__Source data__
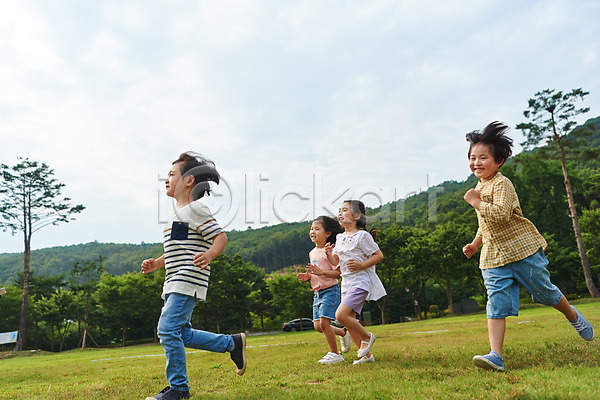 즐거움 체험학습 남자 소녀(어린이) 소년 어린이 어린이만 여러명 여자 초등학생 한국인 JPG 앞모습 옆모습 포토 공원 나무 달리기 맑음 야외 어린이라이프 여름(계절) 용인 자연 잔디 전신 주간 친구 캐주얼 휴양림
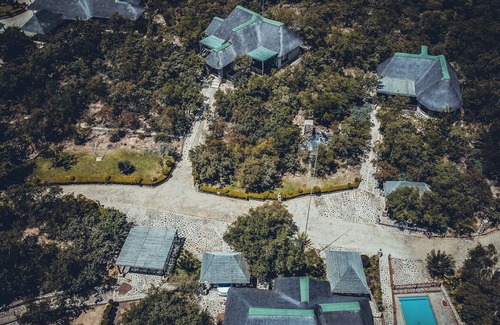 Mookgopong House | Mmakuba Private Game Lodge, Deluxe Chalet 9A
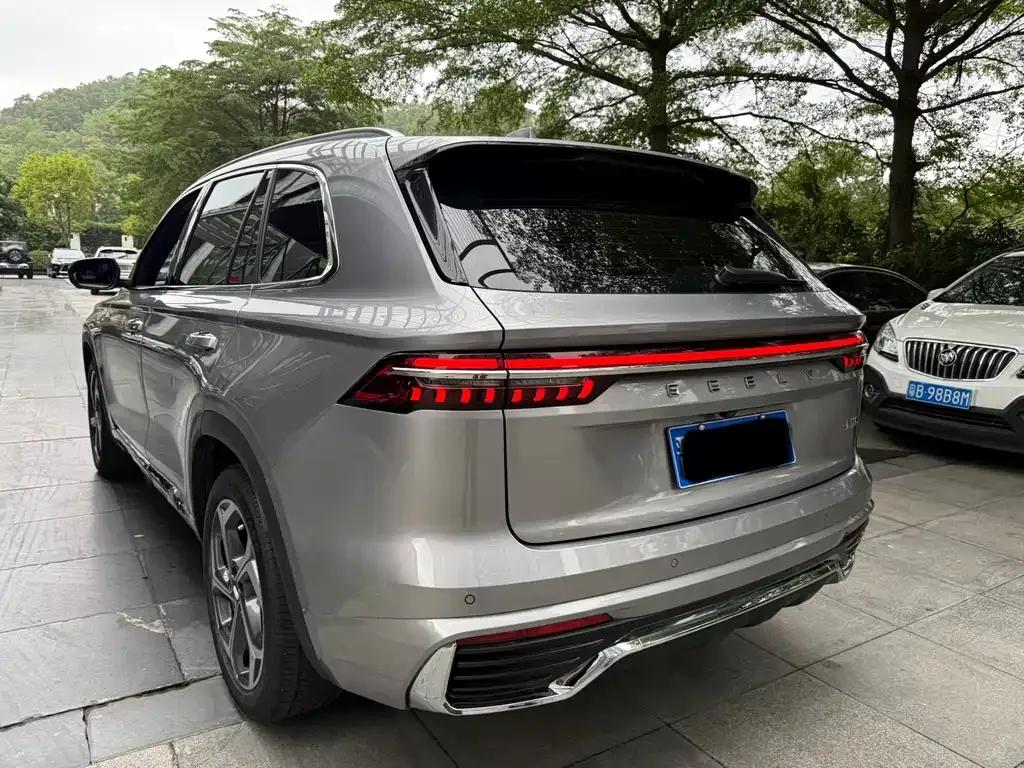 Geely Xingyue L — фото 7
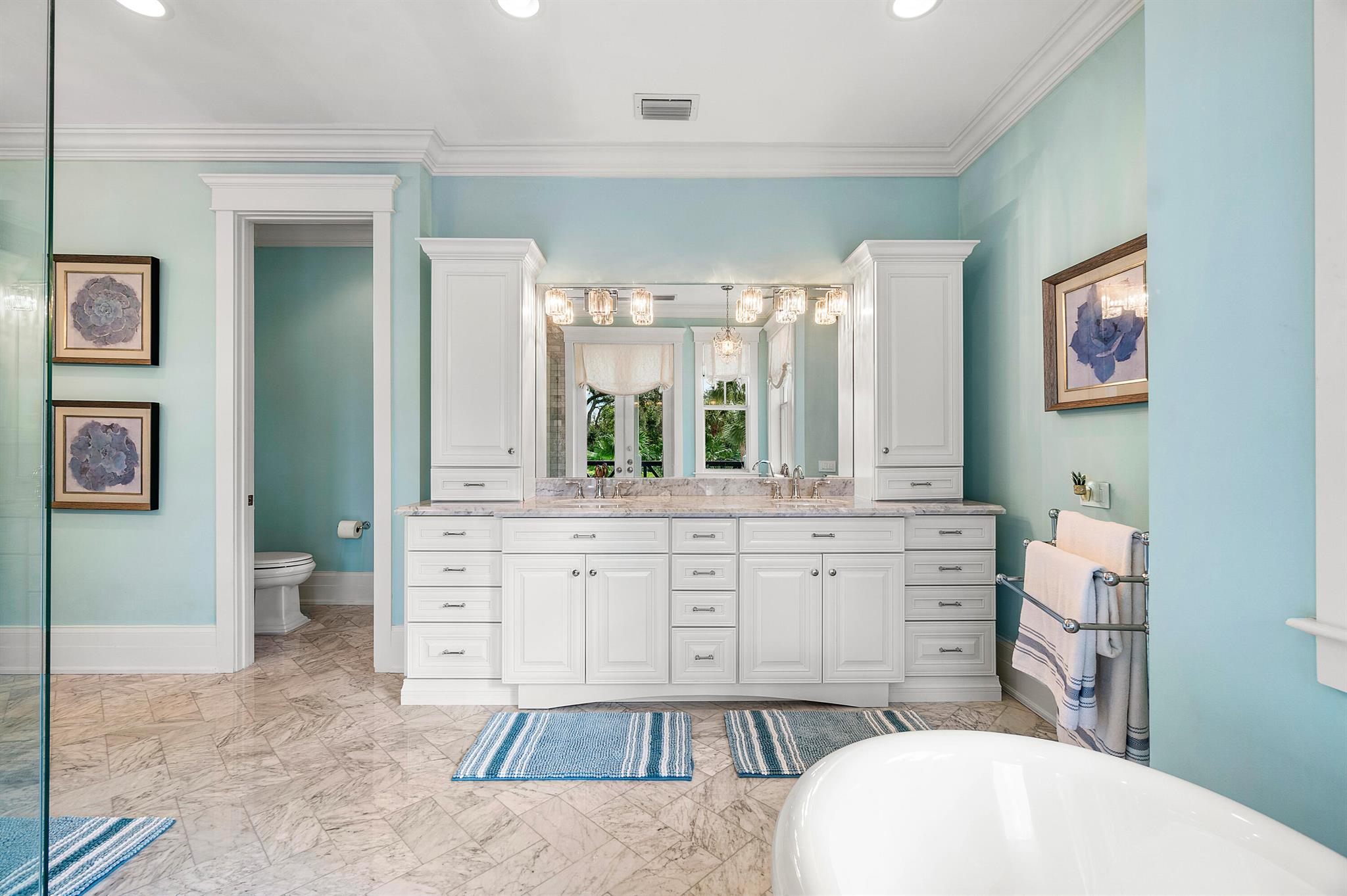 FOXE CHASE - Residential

__What to work on__
With pictures omitted, restate exactly every line from the one containing "Mookgopong House |" through the last line of the material, inclusive.

__Completed exercise__
 Mookgopong House | Mmakuba Private Game Lodge, Deluxe Chalet 9A
 Geely Xingyue L — фото 7
 FOXE CHASE - Residential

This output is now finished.